Fleeting remarks about the huge transformation caused by war waged between Union and Confederacy; Stoll suggests that the damage caused by it paved the way for the rending of people from land.
The language used throughout is one where the capitalist system is (rightly and thoroughly) criticized. In later chapters, he presents some mock legislation enshrining smallholder’s rights. Perhaps to most salient and obvious thing that could be done is the strict control/restriction of absentee landholding. Throughout the book he writes at length about the shadow system of property and deeds that lives alongside the legal one; the shadow system is often much more detailed though its documentation is sparse and not backed by the state.

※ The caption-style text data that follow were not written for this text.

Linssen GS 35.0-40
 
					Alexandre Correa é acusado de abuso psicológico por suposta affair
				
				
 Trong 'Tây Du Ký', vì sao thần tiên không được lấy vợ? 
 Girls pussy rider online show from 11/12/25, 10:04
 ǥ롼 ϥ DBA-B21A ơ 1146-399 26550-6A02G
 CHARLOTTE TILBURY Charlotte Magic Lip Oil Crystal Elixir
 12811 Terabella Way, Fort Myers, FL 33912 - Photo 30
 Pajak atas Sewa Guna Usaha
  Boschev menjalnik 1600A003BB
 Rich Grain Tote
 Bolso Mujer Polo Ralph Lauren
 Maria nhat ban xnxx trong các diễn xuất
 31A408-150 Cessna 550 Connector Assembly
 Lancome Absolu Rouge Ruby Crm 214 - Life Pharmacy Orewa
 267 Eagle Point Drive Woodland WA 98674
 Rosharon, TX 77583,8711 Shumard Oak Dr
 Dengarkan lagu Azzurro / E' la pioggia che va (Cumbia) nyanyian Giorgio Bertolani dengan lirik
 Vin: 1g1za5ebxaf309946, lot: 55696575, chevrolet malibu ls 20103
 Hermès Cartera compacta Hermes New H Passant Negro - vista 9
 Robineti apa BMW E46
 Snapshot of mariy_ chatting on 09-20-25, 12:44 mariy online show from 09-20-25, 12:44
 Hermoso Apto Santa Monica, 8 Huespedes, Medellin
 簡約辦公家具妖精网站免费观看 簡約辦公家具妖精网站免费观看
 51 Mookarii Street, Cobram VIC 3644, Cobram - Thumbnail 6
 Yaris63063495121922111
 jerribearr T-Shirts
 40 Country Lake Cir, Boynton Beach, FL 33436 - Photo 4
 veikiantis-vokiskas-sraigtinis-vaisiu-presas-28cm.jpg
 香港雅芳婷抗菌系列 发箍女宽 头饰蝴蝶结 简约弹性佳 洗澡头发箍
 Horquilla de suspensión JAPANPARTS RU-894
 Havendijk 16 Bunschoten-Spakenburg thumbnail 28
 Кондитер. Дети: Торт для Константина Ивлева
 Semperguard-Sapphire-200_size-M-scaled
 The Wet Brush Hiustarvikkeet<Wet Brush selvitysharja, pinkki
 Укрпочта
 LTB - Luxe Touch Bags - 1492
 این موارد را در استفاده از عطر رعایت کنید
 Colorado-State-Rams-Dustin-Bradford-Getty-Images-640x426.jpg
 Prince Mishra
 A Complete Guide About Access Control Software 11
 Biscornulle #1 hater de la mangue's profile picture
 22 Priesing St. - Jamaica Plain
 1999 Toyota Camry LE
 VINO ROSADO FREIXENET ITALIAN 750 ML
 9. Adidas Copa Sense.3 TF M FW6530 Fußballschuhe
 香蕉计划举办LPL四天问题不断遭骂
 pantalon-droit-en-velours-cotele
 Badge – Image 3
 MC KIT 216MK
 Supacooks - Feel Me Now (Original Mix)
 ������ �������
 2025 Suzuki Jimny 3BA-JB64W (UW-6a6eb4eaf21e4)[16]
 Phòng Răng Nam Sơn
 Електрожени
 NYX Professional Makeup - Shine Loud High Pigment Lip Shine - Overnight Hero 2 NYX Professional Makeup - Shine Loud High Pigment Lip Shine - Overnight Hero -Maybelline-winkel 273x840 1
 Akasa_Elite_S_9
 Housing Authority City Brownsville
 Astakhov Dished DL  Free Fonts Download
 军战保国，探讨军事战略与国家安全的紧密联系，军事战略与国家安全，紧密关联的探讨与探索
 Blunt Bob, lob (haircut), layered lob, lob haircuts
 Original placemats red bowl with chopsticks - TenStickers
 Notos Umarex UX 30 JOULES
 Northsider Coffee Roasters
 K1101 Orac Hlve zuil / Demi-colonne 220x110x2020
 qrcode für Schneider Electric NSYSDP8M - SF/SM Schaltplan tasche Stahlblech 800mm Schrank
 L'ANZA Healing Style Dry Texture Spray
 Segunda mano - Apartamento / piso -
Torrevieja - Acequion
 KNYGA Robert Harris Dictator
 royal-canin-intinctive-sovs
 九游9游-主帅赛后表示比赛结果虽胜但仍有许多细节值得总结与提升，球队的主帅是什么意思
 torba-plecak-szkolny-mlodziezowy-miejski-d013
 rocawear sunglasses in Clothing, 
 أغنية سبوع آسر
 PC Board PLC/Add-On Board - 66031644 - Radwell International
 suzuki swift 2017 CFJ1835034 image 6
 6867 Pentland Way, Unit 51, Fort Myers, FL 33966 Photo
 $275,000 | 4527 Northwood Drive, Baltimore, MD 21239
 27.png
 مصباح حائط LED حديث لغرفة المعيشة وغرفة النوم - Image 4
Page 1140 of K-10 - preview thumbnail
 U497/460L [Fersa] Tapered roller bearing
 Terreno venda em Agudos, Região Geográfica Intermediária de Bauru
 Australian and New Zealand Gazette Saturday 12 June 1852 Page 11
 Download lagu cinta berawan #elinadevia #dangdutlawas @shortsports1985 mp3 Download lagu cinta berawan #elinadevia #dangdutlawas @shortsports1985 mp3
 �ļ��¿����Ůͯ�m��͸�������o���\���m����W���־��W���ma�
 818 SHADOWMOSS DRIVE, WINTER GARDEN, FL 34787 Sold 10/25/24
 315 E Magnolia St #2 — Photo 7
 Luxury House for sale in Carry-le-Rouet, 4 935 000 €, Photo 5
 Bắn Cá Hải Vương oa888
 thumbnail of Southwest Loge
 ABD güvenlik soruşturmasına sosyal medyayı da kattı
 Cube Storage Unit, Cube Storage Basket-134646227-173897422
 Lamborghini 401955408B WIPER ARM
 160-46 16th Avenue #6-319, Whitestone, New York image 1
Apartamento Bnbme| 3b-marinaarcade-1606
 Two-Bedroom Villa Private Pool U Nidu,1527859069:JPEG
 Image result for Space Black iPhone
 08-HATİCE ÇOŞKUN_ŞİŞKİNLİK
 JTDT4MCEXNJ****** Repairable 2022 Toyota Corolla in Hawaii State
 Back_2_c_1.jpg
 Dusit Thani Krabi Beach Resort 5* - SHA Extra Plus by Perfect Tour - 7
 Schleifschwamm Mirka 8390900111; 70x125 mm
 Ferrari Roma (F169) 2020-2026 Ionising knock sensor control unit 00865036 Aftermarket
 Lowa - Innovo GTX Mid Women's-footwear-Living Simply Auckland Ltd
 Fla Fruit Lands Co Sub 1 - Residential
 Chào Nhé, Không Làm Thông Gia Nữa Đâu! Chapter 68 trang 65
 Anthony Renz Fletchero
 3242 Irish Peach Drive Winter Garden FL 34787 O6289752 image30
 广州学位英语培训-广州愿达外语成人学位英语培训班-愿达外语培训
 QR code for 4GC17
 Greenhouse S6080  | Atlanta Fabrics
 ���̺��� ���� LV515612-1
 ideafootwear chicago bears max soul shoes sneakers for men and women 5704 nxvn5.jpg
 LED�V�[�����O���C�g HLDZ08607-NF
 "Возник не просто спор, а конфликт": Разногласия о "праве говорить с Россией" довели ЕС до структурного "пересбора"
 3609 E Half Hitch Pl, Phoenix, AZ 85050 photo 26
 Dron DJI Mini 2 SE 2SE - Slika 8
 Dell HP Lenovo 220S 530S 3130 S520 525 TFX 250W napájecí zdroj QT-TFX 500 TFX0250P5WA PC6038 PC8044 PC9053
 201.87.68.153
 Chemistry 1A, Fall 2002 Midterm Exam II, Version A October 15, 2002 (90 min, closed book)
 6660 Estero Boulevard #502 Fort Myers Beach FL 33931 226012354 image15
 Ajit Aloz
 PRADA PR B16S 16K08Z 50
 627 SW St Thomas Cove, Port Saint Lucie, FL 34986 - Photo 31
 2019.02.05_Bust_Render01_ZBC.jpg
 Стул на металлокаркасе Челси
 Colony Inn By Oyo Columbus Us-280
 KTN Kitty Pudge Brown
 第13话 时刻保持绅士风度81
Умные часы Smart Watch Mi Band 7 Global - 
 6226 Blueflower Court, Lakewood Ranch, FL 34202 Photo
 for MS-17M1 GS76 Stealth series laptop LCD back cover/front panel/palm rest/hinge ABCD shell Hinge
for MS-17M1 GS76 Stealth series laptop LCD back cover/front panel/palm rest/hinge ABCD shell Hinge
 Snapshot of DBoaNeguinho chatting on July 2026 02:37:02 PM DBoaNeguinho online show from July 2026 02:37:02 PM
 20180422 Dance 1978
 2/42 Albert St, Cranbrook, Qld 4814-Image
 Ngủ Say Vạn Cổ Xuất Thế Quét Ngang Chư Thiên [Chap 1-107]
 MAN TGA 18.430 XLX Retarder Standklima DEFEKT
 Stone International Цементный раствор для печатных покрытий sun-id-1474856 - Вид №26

Perhaps the biggest criticism of the book is the consistent romanticization of the poverty of smallholding. It is a bit unclear what peoples’ living conditions were. Stoll makes a number of oblique references to their conditions but ultimately hand-waves away any seriously crushing poverty.
There are important and real critique of modern “development” thinking. This quote in particular stuck out to me:
Nonetheless, most development thought insists that the poor and hungry of the world -- people who took care of most of their own needs by farming and trading in once robust environments -- will be saved by somewhat different versions of the same thinking that made them poor in the first place.